- Study material:
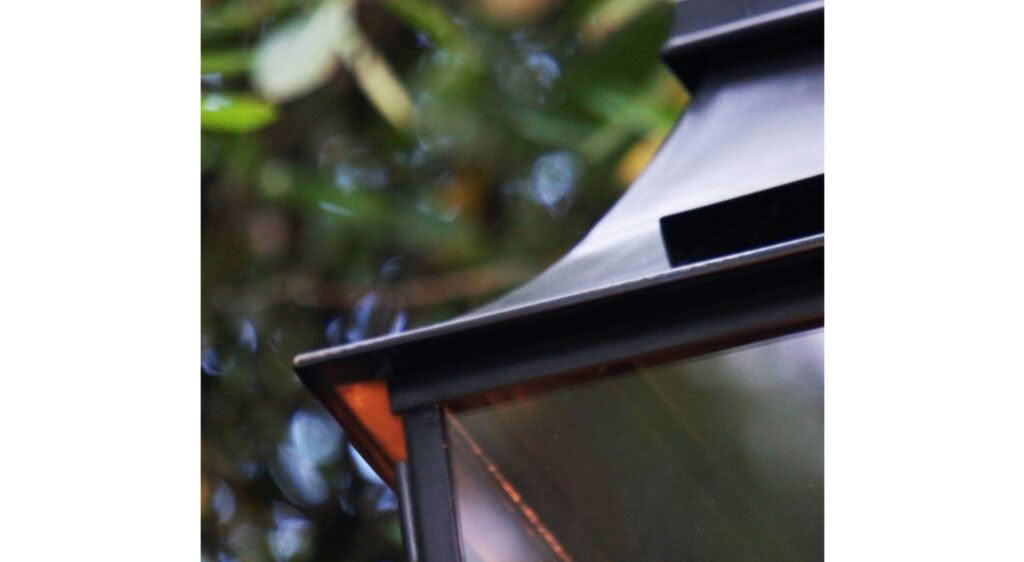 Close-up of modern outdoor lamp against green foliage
---
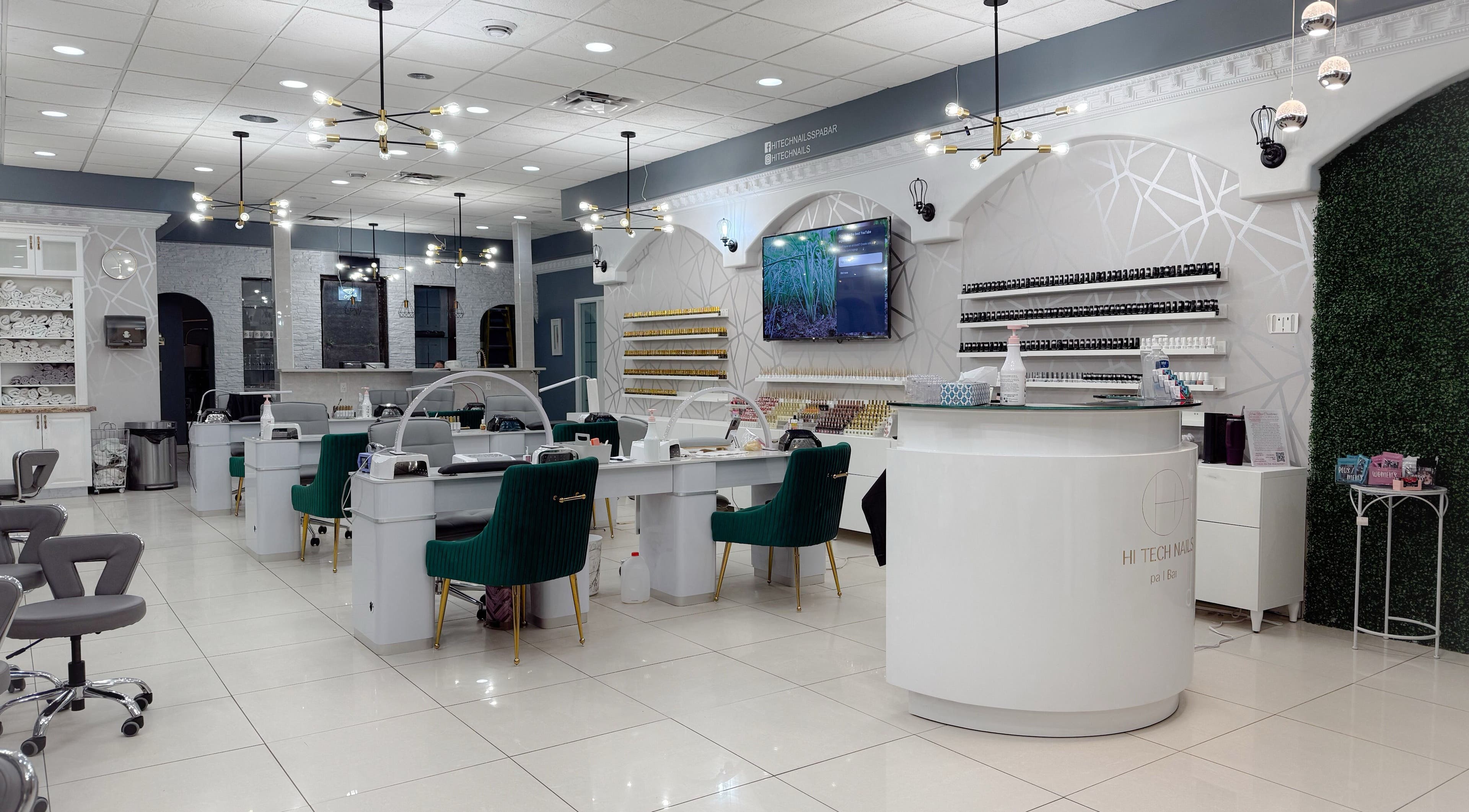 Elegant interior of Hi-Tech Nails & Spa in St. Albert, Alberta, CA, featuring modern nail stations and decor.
...
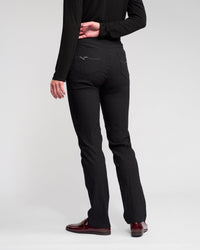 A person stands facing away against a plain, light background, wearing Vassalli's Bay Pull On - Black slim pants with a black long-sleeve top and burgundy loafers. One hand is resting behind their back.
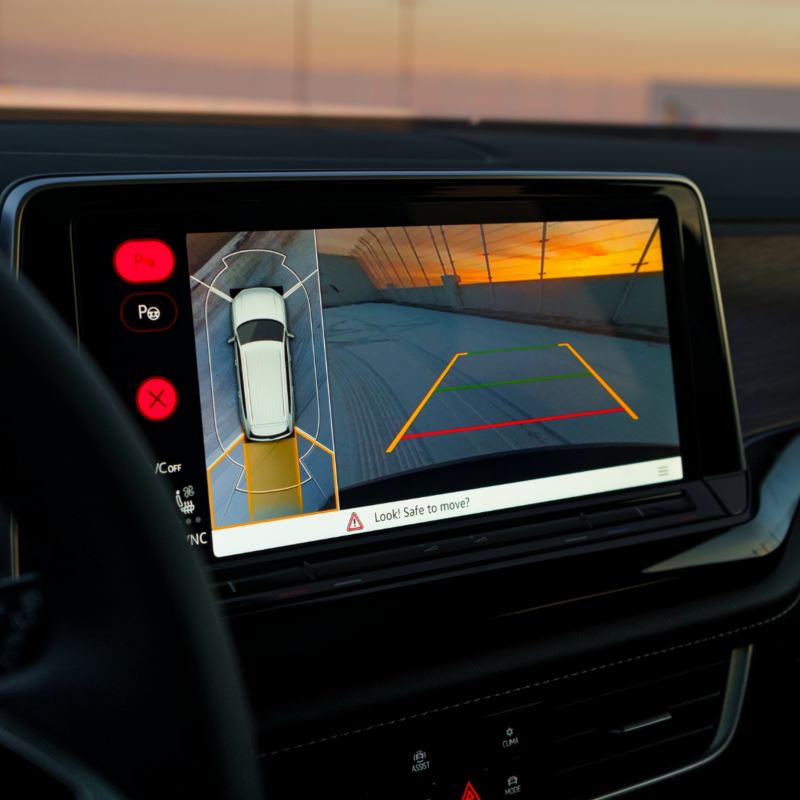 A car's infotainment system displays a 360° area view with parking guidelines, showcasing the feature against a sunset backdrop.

- Prompt: Above are records with pictures. Reproduce exactly only the lines from the line with "A person stands" through the line with "A car's infotainment", both ends included, and leave the pictures out.

- Result:
 A person stands facing away against a plain, light background, wearing Vassalli's Bay Pull On - Black slim pants with a black long-sleeve top and burgundy loafers. One hand is resting behind their back.
 A car's infotainment system displays a 360° area view with parking guidelines, showcasing the feature against a sunset backdrop.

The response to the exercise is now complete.